Background: The use of complementary and alternative medicine (CAM) has become increasingly prevalent in industrialised countries, with women being the most prolific users. Some women continue to consume these therapies when they become pregnant.
Aim: To review the literature exploring prevalence and motivation for use of complementary and alternative medicine by pregnant women.
Method: A search for relevant literature published from 2001 was undertaken using a range of databases and by examining relevant bibliographies.
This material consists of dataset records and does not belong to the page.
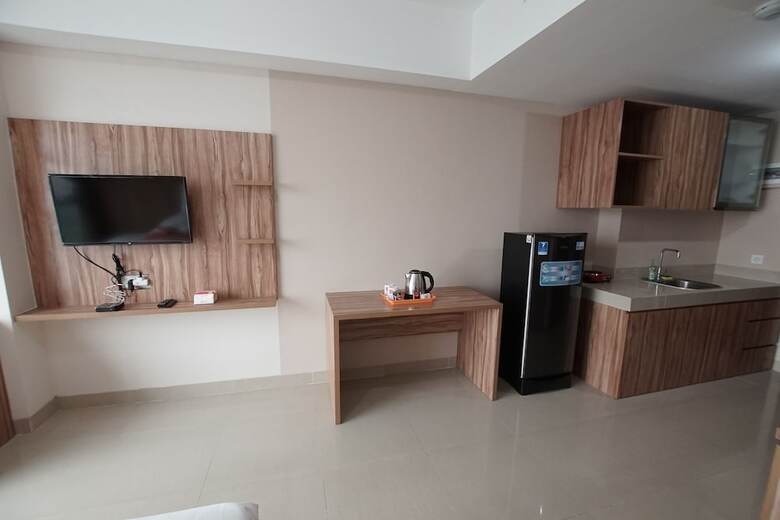 Apartamentos Apatel U Residence Tower 2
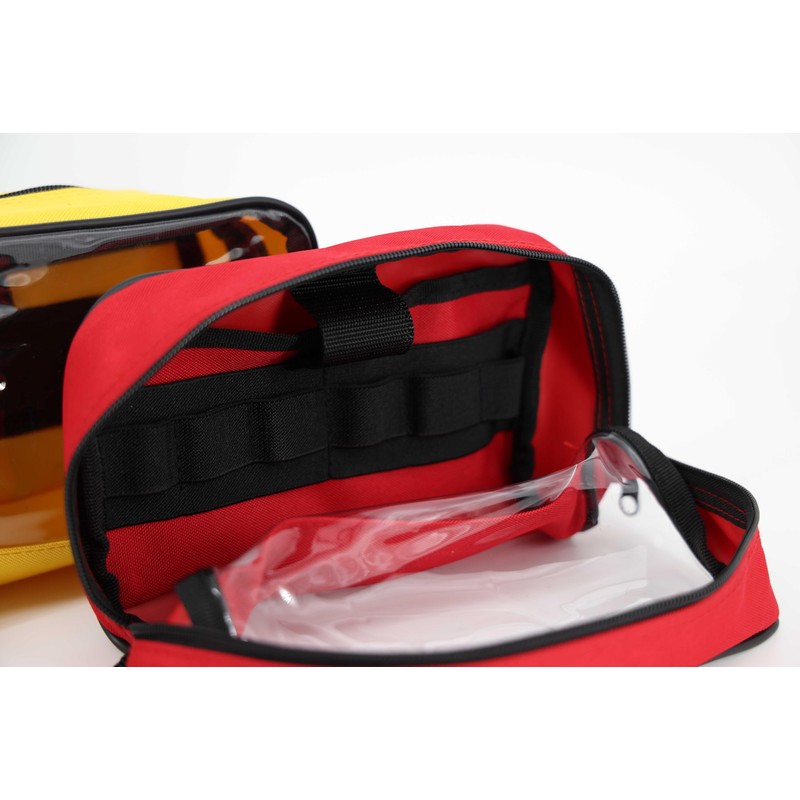 Lightning X Products Color Coded First Aid Medical Kit Accessory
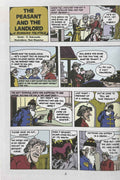 Amar Chitra Katha: Tinkle Digest No.37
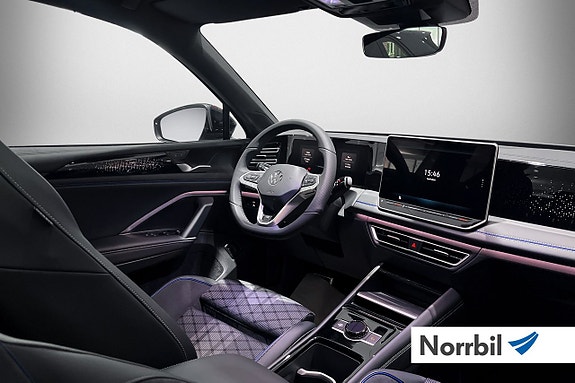 Volkswagen Tiguan 9 of 12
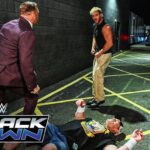 WWE Reshoots Final Segment On SmackDown Featuring John Cena & Logan Paul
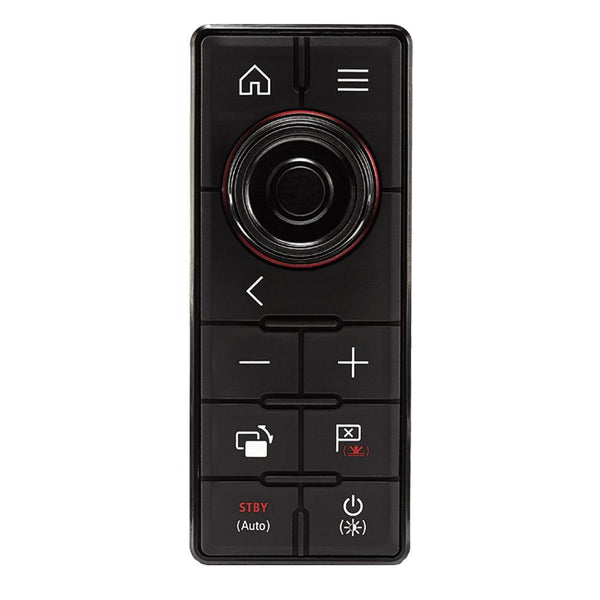 Raymarine RMK-10 System Remote Control Portrait Keypad [A80438] - Essenbay Marine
Results: Although the estimates vary widely from 1% to 87%, the general trend indicates that a significant number of pregnant women use complementary and alternative medicine. Common modalities used include massage, vitamin and mineral supplements, herbal medicine, relaxation therapies and aromatherapy. Reasons for use are varied and include the belief that these therapies offer safe alternatives to pharmaceuticals, they allow greater choice and control over the childbearing experiences, and they are congruent with their holistic health beliefs. The influence of traditional cultural practices on the use of these therapies is unclear. Most expectant women rely on advice from family and friends, and many do not disclose their use to their pregnancy care providers.
Conclusions: Many women use complementary and alternative medicine when they are pregnant. Further research is needed to gain a greater understanding of the true prevalence and expectant women's motivation for the use of complementary and alternative medicine. Health-care professionals are encouraged to ask women about their use of these treatments and seek out relevant information.